Molecular Monday: The Four Elements

September 18, 2017

For some reason, I’ve been thinking a lot lately about the original elements, the four elements Aristotle wrote about many millennia ago: fire, water, wind, and earth. Of course we no longer think of these as elements in the chemical sense. Instead we have the periodic table of elements, with well over a hundred elements identified so far.

But just for fun, I thought I’d try to find a way to connect the old Aristotelian elements to the first four modern chemical elements: hydrogen, helium, lithium, and beryllium. Here’s what I came up with:

  • Hydrogen: Let’s start by associating hydrogen with “water.” The word hydrogen actually means “water maker.” It got its name because in 1783, Antoine Lavoisier demonstrated that the oxidation of hydrogen gas produced water (this experiment also proved that water is not elemental).
  • Helium: Helium was first detected in the solar spectrum in 1868 and was thus named after the Greek word for “sun.” The Sun is pretty fiery, so my first instinct was to make helium represent “fire.” But I’m going to go with “air” instead, because of helium’s use in balloons and airships.
  • Lithium: As I’ve written about previously, lithium was first discovered using a method called a flame test.
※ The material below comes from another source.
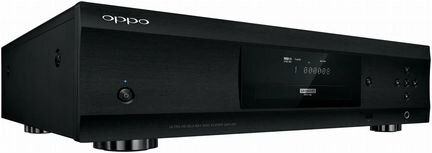 Oppo udp-205 UHD Blu-ray плеер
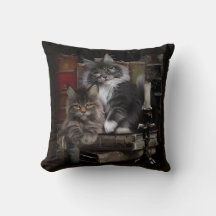 Maine Coon Kittens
When a chemical substance is burned, the color of the flame can be used to determine the chemical’s identity. Lithium burns with a characteristic bright crimson flame. Therefore, I’m choosing to associate lithium with “fire.”
  • Beryllium: Beryllium was first identified in 1798 as a component of the mineral beryl, specifically a form of green beryl we all know as an emerald. So I think I can safely wrap this little game up by connecting beryllium with “earth.”

So how did I do? Do you agree with the connections I came up with? Are there other connections we could think up that might work better?

Okay, maybe this was more of an exercise in creativity than science. I’m okay with that. And besides, in the half-hour I spent researching for this post, I learned a few things about the first four elements of the periodic table that I didn’t know before. That’s always a plus.

Anyway, next time on Molecular Monday, we’ll be talking about boron. Now I wonder if I can find some way to associate boron with the girl from The Fifth Element.


Molecular Monday: Lithium Brine

September 4, 2017

Welcome back to another edition of Molecular Mondays, a special biweekly series here on Planet Pailly combining two of my least favorite things: chemistry and Mondays.

These past few weeks, I’ve been reading a lot and learning a lot about lithium, because I’m a science fiction writer and I need to know stuff about this particular element for worldbuilding purposes. Except so far, I seem to be doing more world-destroying than worldbuilding.

Lithium is the kind of element that tends to form really strong chemical bonds—so strong that once lithium bonds to other elements, it can be really difficult to make it let go.

In fact Johan Arfwedson, the chemist who discovered lithium, was never able to isolate the element by itself. He could only infer its existence based on the unusually bright crimson color produced when a lithium-containing compound was burned (in other words, he was only able to identify it spectroscopically).

Given how hard it is to isolate lithium, I assumed lithium mining must be an arduous task. And it probably would be if we had to extract it directly from rock; but over three quarters of the world’s commercially available lithium does not come from rock. It comes from brine.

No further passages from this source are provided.